How I used Git Subtree to create the Code Snippet Repository - automatically!

For this blog’s series “Code Snippet Repository” I made use of git’s subtree module, nbconvert and cell tags to automatically extract python codes from jupyter notebooks and push those python scripts to the seperate csr_repo. In this post, I explain how you can setup a pipeline like this yourself! You can see a pic

Graph of Git Subtree: A is the main repo, B is the sub-repo

Setup of your Git Repository

First, setup your main repository and link it to a remote repository like github or gitlab. This code here is adapted from cloudera

1
2
3
4
5
6
7
cd path/of/desired_location

git init
git add *
git commit -a -m 'Initial commit'
git remote add origin git@github.com:username/repo.git

Create your Subtree

To establish the subtree, we need to create a new folder for it by using the following git command git subtree add. Specify the folder-name by prefix=name_for_subfolder. Besides this folder, you also need the address of the subtree’s remote repository and its branch you want to check out.

1
git subtree add prefix=name_for_subfolder git@github.com:username/sub_repo.git branch 

Using your new Architecture

We are finished! But how do we use this pipeline now?
Here, we need to keep in mind to which repository we want to make a git push.

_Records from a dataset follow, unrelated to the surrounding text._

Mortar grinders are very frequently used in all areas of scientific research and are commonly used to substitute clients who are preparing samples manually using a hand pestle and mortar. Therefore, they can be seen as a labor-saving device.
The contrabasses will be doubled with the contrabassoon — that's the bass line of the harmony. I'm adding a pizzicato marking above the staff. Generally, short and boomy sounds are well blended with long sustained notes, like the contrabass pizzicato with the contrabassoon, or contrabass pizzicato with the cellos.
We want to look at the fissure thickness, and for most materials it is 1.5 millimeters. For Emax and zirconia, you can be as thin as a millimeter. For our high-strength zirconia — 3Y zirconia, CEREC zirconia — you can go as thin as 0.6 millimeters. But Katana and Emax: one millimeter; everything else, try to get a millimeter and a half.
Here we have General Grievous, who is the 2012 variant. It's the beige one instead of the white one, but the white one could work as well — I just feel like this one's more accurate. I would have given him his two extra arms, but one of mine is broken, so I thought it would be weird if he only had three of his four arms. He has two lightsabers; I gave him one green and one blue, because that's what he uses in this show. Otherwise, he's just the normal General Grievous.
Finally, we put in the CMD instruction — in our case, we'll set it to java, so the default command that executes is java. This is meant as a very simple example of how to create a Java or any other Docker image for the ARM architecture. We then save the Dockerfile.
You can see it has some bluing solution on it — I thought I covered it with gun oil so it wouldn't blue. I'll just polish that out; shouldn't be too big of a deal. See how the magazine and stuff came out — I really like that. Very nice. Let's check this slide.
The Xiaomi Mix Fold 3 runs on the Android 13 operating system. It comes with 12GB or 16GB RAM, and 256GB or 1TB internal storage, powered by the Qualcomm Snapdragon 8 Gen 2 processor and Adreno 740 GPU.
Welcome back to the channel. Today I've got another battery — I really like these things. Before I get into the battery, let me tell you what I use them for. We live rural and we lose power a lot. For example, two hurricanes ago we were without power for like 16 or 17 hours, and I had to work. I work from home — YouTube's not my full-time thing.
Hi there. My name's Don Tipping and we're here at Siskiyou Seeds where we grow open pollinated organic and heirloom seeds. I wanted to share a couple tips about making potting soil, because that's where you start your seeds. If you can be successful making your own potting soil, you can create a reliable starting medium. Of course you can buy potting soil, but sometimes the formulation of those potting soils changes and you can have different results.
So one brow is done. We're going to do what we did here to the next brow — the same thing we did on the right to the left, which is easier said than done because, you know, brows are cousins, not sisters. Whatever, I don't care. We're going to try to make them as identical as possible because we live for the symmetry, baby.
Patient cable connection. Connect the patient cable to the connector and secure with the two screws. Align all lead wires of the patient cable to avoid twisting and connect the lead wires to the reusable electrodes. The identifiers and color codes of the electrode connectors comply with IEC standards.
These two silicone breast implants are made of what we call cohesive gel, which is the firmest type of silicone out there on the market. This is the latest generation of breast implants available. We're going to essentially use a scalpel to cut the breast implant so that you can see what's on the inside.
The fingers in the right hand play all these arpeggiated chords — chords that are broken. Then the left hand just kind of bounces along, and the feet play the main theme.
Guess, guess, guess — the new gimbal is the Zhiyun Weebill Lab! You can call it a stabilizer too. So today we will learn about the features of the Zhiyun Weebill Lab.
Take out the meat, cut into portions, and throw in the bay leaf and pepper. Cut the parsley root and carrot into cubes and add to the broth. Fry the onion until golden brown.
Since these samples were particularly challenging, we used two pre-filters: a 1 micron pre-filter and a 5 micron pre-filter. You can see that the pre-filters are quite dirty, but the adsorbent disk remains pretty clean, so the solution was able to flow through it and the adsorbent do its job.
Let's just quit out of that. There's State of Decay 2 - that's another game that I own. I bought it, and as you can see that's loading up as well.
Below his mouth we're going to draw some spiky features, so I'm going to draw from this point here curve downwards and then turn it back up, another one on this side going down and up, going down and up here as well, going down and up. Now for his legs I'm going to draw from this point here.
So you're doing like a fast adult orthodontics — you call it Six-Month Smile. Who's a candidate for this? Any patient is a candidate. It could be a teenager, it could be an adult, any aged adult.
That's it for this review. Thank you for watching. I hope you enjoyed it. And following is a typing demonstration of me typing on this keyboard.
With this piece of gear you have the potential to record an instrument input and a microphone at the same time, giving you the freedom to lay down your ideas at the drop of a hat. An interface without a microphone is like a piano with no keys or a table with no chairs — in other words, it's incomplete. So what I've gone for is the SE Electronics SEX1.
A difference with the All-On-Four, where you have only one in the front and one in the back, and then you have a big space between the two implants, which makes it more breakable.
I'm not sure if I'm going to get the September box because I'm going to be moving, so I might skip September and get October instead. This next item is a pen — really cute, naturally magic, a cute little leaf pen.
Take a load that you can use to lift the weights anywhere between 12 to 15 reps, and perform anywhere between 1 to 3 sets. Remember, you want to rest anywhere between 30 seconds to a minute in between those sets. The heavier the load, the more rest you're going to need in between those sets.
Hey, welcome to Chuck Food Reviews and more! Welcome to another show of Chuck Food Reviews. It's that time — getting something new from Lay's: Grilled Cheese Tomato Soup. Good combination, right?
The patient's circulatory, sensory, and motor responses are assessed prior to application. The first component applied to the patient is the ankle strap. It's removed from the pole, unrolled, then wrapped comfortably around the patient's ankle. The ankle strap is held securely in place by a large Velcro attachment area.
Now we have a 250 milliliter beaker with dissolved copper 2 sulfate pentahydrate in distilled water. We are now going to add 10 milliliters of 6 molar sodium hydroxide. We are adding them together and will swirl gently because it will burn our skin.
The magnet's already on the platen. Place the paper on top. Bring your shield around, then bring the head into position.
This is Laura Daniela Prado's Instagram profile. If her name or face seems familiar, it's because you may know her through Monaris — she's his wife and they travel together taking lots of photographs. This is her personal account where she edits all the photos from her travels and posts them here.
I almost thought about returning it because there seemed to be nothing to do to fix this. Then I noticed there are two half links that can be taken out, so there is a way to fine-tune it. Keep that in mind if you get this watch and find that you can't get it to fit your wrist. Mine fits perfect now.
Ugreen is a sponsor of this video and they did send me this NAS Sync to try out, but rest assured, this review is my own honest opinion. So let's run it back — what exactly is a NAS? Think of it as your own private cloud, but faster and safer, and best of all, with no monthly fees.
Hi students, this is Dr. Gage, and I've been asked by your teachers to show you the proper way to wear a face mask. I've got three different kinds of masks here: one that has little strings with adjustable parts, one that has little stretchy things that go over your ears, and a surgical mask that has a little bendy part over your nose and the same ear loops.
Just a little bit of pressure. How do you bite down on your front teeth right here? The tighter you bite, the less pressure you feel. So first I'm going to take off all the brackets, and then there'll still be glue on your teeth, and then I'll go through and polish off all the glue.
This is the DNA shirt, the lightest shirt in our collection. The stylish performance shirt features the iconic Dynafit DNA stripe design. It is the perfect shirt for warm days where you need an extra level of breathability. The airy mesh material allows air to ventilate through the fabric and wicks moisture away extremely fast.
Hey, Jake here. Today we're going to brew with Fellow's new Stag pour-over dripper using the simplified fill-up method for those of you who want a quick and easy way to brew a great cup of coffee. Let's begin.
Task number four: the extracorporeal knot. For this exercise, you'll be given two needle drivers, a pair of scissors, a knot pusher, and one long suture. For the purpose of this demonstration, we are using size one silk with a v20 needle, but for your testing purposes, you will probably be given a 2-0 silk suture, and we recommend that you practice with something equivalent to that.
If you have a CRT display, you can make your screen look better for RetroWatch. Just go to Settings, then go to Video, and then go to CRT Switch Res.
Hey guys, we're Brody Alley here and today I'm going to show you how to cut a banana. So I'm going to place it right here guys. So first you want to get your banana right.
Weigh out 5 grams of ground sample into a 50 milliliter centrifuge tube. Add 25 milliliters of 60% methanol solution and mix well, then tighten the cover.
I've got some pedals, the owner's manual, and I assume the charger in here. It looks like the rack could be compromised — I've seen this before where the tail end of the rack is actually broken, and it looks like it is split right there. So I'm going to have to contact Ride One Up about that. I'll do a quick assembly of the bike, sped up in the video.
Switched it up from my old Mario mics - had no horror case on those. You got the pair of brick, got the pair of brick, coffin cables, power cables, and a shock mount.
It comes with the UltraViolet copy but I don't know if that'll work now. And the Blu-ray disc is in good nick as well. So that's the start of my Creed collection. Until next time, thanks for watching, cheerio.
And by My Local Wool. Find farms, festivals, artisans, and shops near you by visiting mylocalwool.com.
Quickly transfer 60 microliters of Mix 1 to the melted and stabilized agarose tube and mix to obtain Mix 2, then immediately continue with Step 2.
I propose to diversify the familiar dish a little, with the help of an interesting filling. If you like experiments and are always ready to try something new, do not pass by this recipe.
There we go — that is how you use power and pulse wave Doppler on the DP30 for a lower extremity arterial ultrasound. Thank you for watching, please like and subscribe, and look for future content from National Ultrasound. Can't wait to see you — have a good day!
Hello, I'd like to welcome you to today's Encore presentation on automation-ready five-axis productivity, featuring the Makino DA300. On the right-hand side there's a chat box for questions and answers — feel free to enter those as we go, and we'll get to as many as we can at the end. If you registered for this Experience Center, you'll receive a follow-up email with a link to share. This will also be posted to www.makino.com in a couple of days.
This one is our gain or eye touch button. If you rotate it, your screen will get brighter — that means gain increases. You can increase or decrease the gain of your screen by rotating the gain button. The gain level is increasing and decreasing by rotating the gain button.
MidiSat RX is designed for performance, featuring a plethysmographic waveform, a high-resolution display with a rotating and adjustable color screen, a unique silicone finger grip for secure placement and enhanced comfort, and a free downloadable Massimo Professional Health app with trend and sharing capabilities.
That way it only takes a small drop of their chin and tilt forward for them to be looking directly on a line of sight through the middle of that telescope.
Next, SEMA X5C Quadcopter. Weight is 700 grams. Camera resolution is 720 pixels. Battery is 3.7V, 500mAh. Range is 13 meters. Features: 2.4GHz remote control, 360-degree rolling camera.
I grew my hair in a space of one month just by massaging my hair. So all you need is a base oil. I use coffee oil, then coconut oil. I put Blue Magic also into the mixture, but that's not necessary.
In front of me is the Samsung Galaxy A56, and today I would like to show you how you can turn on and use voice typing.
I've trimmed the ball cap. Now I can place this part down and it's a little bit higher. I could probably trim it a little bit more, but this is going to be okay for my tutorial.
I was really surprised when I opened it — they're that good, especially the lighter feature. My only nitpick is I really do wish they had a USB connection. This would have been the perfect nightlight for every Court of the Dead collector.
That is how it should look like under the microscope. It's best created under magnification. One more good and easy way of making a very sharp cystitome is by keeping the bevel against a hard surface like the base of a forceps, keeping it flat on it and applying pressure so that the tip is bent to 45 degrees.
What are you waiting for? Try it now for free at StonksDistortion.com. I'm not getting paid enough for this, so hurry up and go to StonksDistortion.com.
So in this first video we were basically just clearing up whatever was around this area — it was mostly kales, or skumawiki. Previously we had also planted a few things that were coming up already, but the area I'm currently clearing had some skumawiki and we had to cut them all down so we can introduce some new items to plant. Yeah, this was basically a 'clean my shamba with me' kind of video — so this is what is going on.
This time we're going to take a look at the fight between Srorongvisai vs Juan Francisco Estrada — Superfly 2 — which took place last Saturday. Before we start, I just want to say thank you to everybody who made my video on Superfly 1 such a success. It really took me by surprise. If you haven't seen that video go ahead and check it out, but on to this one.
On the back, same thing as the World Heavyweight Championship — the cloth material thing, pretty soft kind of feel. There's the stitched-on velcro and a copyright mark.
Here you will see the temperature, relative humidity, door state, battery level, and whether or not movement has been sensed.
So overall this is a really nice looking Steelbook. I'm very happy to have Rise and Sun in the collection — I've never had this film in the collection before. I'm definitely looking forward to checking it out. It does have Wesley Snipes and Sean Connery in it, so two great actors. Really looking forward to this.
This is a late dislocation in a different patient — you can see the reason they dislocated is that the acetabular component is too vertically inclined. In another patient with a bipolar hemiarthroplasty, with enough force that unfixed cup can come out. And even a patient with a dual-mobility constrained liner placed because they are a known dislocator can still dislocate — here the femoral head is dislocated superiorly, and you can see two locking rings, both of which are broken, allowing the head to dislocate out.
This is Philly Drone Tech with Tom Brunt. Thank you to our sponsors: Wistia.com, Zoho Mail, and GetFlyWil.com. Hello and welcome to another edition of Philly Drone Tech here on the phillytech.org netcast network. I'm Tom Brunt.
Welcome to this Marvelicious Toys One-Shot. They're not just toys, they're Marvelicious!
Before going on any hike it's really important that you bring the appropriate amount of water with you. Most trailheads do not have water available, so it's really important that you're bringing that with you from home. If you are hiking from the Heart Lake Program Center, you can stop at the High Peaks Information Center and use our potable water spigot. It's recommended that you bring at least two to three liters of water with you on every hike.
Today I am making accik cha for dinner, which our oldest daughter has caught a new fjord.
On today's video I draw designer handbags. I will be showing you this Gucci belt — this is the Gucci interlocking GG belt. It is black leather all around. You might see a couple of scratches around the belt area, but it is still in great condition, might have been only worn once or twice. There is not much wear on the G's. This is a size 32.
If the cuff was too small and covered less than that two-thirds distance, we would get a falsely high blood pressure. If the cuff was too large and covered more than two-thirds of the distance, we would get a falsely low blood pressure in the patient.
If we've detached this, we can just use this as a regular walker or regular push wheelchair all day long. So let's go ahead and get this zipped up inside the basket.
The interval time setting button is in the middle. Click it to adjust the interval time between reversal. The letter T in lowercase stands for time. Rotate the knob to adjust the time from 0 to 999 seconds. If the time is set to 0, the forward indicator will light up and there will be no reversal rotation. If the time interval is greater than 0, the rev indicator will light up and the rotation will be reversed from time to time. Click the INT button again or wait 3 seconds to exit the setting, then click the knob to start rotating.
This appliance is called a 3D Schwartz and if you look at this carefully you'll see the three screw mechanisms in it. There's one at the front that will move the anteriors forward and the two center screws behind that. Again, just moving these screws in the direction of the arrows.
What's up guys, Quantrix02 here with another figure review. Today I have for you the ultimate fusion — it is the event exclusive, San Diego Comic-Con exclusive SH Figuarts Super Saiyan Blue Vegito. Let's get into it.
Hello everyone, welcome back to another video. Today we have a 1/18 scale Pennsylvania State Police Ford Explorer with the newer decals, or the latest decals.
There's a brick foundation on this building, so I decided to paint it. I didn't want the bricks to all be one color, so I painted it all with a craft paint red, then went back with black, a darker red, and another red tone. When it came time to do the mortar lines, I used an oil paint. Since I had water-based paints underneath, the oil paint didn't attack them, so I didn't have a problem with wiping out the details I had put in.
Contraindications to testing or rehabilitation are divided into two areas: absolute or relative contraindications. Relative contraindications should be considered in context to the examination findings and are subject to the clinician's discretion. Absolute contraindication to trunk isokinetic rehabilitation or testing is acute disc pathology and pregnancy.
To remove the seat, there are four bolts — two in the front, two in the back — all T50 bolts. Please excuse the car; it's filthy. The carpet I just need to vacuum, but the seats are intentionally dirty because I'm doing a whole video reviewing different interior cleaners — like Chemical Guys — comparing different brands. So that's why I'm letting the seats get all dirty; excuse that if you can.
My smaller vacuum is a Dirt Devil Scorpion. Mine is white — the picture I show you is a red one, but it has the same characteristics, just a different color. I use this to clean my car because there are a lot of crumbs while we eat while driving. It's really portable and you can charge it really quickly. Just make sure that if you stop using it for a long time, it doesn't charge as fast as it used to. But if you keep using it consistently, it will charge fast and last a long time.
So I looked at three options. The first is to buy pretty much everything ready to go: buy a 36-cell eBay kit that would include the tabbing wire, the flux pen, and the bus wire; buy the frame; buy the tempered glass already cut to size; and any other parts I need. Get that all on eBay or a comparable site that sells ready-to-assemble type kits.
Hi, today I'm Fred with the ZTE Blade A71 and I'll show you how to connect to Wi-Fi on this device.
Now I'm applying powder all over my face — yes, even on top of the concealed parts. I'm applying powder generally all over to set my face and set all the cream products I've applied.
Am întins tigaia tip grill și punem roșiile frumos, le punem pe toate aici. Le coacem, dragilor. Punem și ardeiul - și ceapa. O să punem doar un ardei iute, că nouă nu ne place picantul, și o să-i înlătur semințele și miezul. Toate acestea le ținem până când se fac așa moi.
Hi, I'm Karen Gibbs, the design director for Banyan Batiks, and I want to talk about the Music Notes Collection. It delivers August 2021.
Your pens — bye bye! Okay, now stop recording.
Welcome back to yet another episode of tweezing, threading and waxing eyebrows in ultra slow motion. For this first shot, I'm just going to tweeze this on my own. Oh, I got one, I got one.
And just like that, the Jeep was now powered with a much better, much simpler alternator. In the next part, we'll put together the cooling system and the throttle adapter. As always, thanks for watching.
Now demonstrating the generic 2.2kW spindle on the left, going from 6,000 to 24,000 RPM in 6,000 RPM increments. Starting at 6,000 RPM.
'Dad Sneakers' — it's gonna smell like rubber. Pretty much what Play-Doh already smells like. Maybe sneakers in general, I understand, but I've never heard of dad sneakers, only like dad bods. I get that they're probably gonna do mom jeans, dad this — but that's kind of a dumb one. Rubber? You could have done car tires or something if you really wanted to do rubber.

If we just use our standard procedure:

1
2
3
4
git add .
git commit -m "great commit message"
git push

Will push the changes to our main repository, including changes made to our subfolder.


However, if we want to push changes in the subfolder to our sub_repo, we need to use:

1
git subtree push --prefix=name_for_subfolder git@github.com:username/sub_repo.git branch

So essentially use the submodule subtree and specify prefix, repository and branch again!

Extracting Python Code from Jupyter-Notebooks

Now that we have setup the git pipeline, we need an automatic way to extract python code from jupyter-notebooks. This can be done with jupyter cell tags and the module nbconvert.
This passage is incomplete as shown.